In overtime, with the Spurs up 100-97, Allen cut the lead to one. James put the Heat up by one with 1:43 left, and San Antonio wouldn't score again. Manu Ginobili's last-second shot (seen above) was a turnover or foul, depending on who you ask. Either way, it Allen sunk his free throws, and a Game Seven was necessary.
Let's go back to Bosh though, the butt of so many jokes. He came up with two vital plays in Miami's comeback. Bosh grabbed the offensive board to allow Ray Allen to tie the game at 95 and send it to overtime. Then, with 31.3 seconds left in overtime, he blocked Tony Parker's shot to prevent the Spurs from taking the lead. For good measure, he absolutely stuffed Danny Green's last-chance three-pointer, sending Green into the bench of his now-gloomy teammates.

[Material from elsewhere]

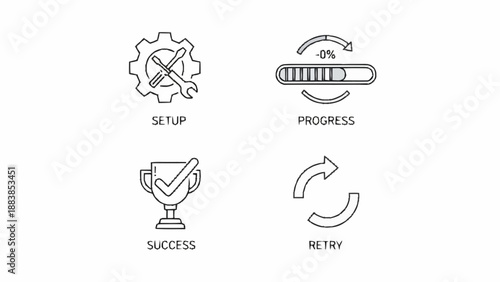 Four icons representing setup, progress, success, and retry in a simple line art style.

Speaking of the unbelievable trey-maker, Green was a resident of clank city tonight, shooting an awful 1-of-7, his only points being a three. Bosh had said Green "won't be open tonight" before the game, and Bosh didn't lie.
All of this overshadows what a night Tim Duncan had. Zach Harper of CBS Sports pointed out that ten years ago, when Duncan was in an NBA Finals closeout game, he posted a line of 21 points, 20 rebounds, 10 assists and eight blocks. Tonight, a 10-years-older Duncan logged 30 points on 21 shots and 17 rebounds. It was a great stat line, but Duncan scored 25 in the first two quarters. What happened in the second half?
How do you follow up one of the craziest games in NBA Finals history? It is a Game 7, for a start.